The Pope's Photographer
I never realized just how much I read the obituaries until we started blogging about articles in the New York Times for this class. For some reason the obituaries in the NYT just fascinate me. It struck me as interesting that the pictures that this person had taken during his lifetime were included with his obituary.

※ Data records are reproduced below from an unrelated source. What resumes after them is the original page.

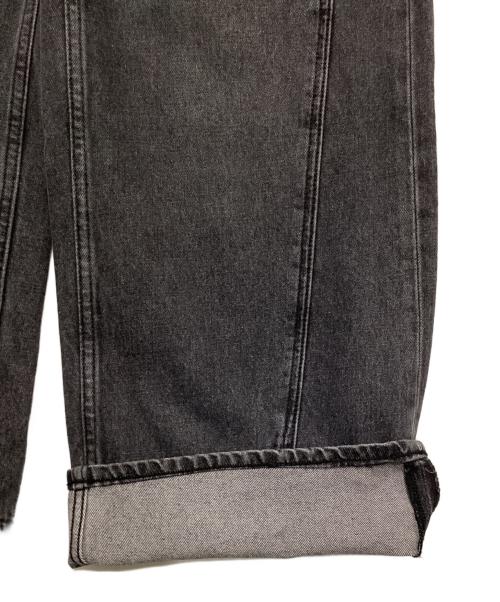 Q.anos（キュアノス）Q.anos (キュアノス) オーバーラップワイドデニム ブラックの古着・服飾アイテム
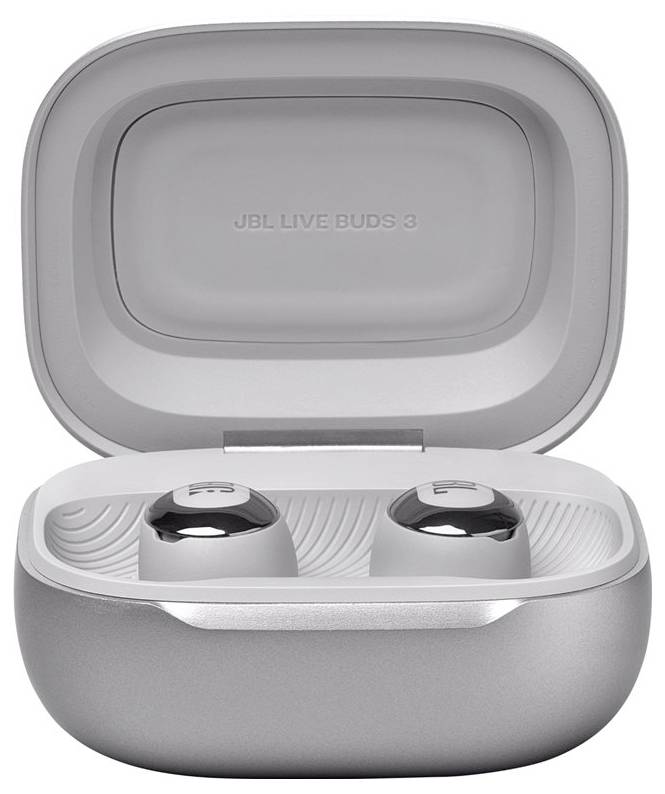 JBL Live Buds 3 In Ear Headset Kabellos, Bluetooth® Stereo Silber Noise Cancelling, Mikrofon-Rauschunterdrückung Ladecase, Batterieladeanzeige, Lau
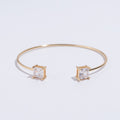 Gold-Plated Brass Geometric White CZ Bracelet with a geometric design profile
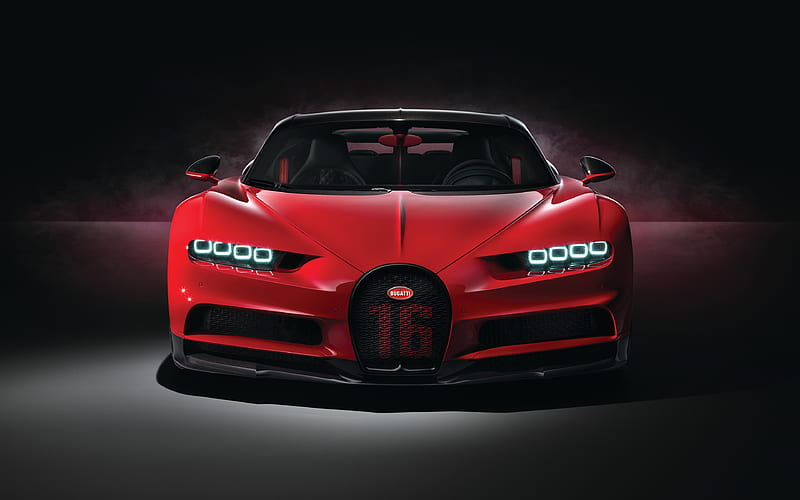 Bugatti Chiron front view, 2018 cars, supercars, red Chiron, hypercars, Bugatti, HD wallpaper
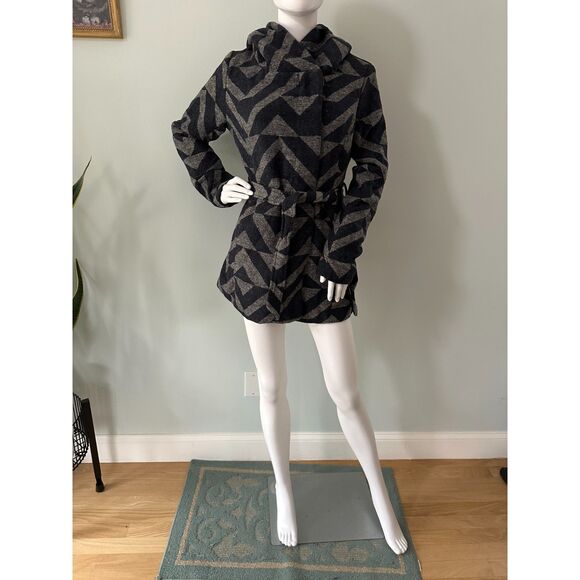 Mossimo Supply Co. Women Coat Navy Hooded Front Tie Belt Pockets Lined Medium - Picture 4 of 11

Gianni Giansanti photographed Pope John Paul II for almost three decades. He was there when he was named Pontiff and there on the day he died. He was one of the few photographers who had access to the Pope and was allowed to photograph him in private moments as well as following him around the globe photographing him on the world stage.
Mr. Giansanti's more famous photographs include the 1978 image of Aldo Moro, the Italian Prime Minister who was kidnapped, shot and left in the trunk of a car by a terrorist group. He was well known for the "stolen moment" shot. Giansanti used a silent shutter and available light in order to capture people in candid shots.
His other famous photographs include images of Valenino, Mikhail Gorbachev, the 1996 Olympics in Atlanta, and the famine in Somalia in the early 1990s.
He published several photograph books including "John Paul II, Portrait of a Pontiff" (1996) and "Vanishing Africa" (2004).
Gianni Giansanti was born in Rome, Italy in 1956 and died March 18, 2009 of bone cancer.
I wonder if pictures we have taken will be on our obituary page instead of a picture of ourselves when we die.